0
votes

I have configured map capacity with 4000 maps, and configure each job with 500 maps, based on my understanding of FIFO mode and the link Running jobs parallely in hadoop if I submit 8 jobs, these 8 jobs should run in parallel, right? However, I still see that the 8 jobs I submitted run in sequential, which is something make me feel strange. Another way is to try fair scheduler, but I have some other running bugs... How to make this run in parallel?

I am the only user now.

Question: what does the job tracker web UI show for total running jobs?

Actually I have submitted like 80 jobs, so all jobs are submitted successfully since I can see 80 of them under "Running Jobs" section, but they just run sequentially

Question: how many input files are you currently processing? what does this relate to with regards to the number of mappers for the job?

Since for each job I configure 500 maps through mapred-site.xml setting map.task.num=500.

below is the information

Kind % Complete Num Tasks Pending Running Complete Killed Failed/Killed Task Attempts

map 1.40% 500 402 91 7 0 0 / 0

reduce 0.00% 1 1 0 0 0 0 / 0

Question: You can configure your Input format to only run 500 maps, but there are occasions where Hadoop ignores this value: if you have more then 500 input files, for example.

I am sure this will not happen, since I customized the inputformat, so that the number of mappers to run is exactly the number of mappers I configure in mapred-site.xml

Question: When you start your job, how many files are you running over, what's the Input Format you are using, and what if any file compression are you using on the input files

Ok, I actually run only one file, but this file will be fully loaded to all maptasks, so I actually use the distrbutecache mechanism to let each maptask load this file fully. I did not use compression currently

Question: What does the job tracker show for the total number of configured mapper and reducer slots? Does this match up with your expected value of 5000?

Below is the information

Maps Reduces TotalSubmissions Nodes Map Task Capacity Reduce Task Capacity Avg.

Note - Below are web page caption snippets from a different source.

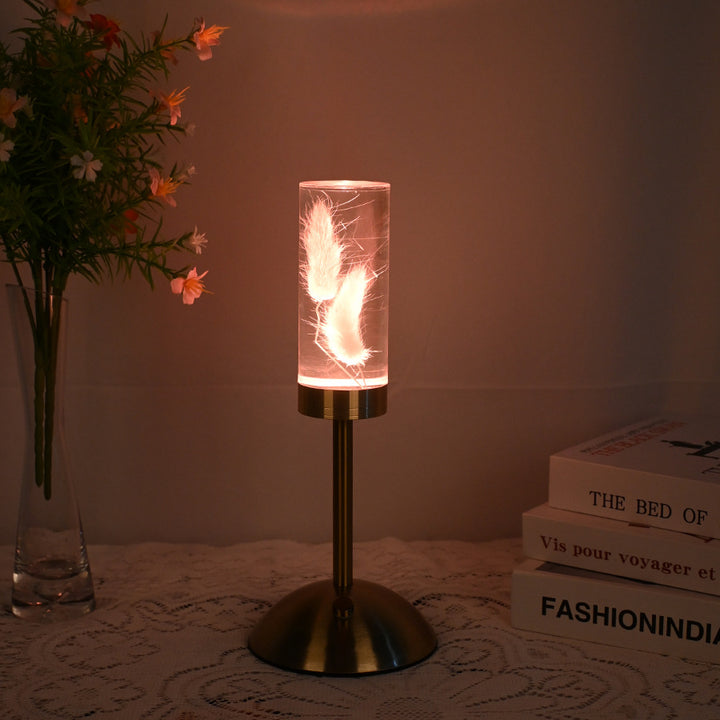 Zeitgenössische kreative USB-wiederaufladbare ewige Blume Gänseblümchen Löwenzylinder Eisen Acryl LED Tischlampe Nachtlicht für den Nachttisch 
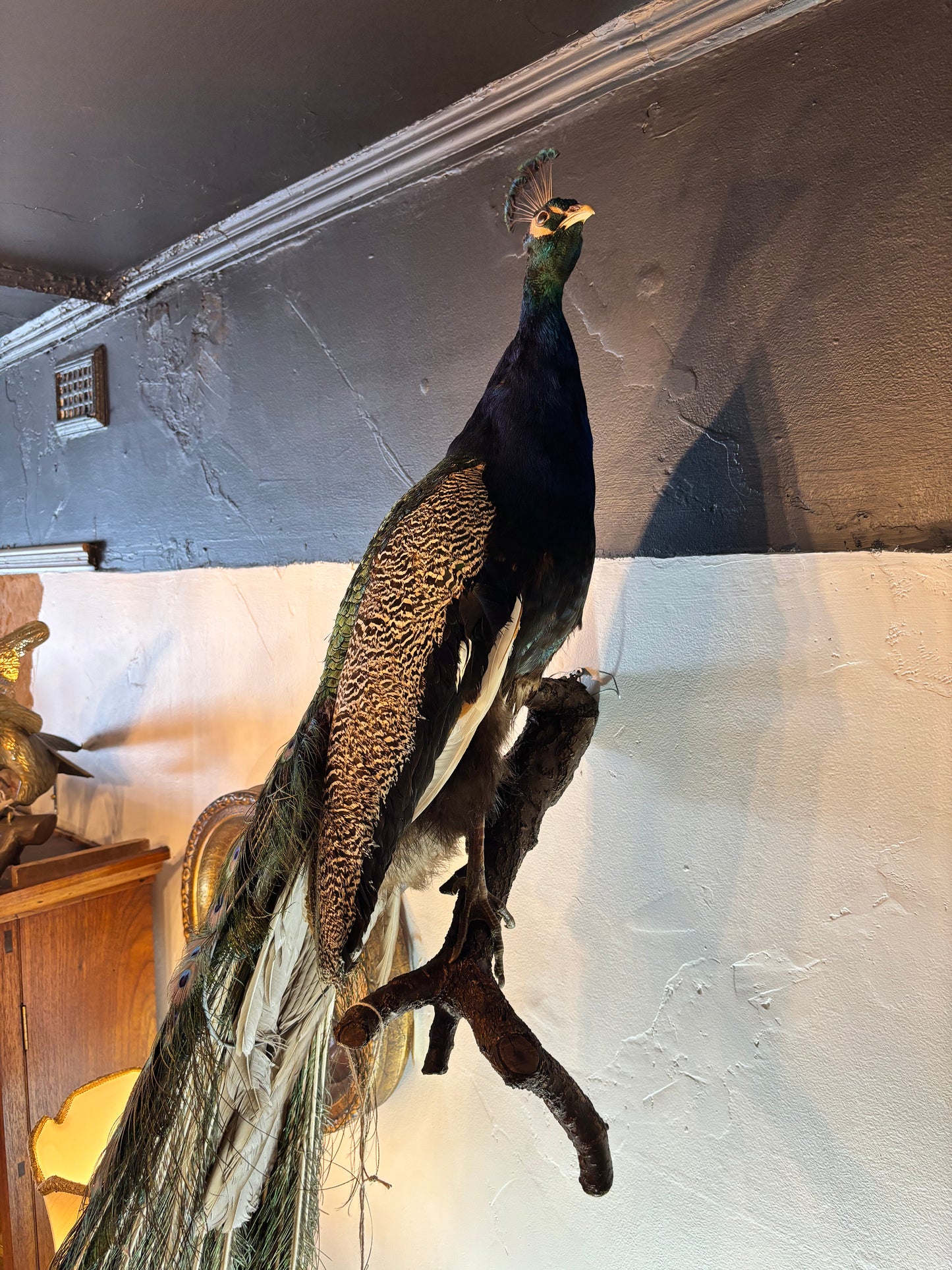 Enchanting Taxidermy Peacock On Branch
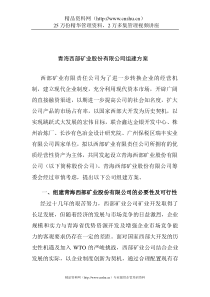 青海西部矿业股份有限公司组建方案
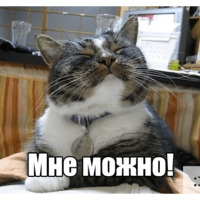 Котеечная любовь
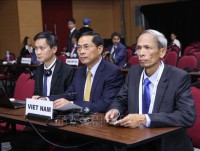 hu truong thuong truc bui thanh son tiep doan ige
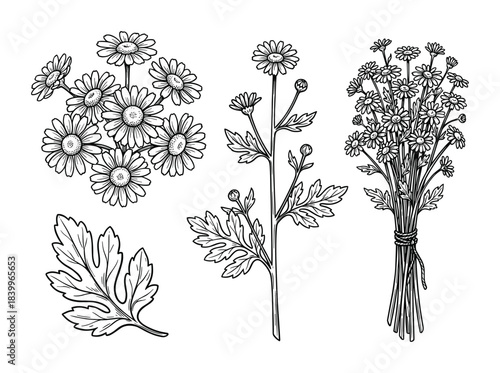Chamomile flowers botanical vector. Set of daisy flowers, leaves, bouquet. Medicinal herb illustration
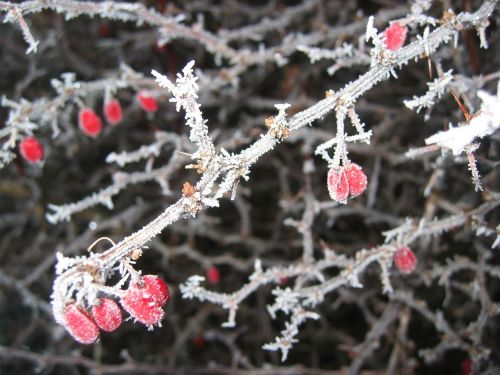 barberry berries hoarfrost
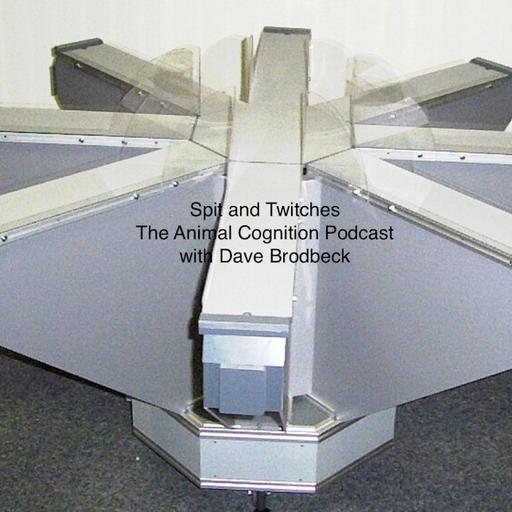 Spit and Twitches: The Animal Cognition Podcast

Tasks/Node Blacklisted Nodes

83 0 80 8 4000 80 510.00 0

1
Can you confirm what scheduler you are using (open up a running / run job, and examine the job.xml configured property for mapred.jobtracker.taskScheduler) - Chris White

1 Answers

0
votes

Whether you run the FairScheduler or the CapacityScheduler, you should still be able to run jobs in parallel, but there are some reasons that you may see that your jobs run sequentially:

  • Are you the only person using the cluster, if not, how many other people are using it:
    • Question: what does the job tracker web UI show for total running jobs?
  • If you are indeed the only job(s) running on the cluster at a particular point in time, then check the Job Tracker web UI for your currently running job - how many input files are you currently processing? what does this relate to with regards to the number of mappers for the job?
    • You can configure your Input format to only run 500 maps, but there are occasions where Hadoop ignores this value: if you have more then 500 input files, for example.
    • Question: When you start your job, how many files are you running over, what's the Input Format you are using, and what if any file compression are you using on the input files
  • Question: What does the job tracker show for the total number of configured mapper and reducer slots? Does this match up with your expected value of 5000?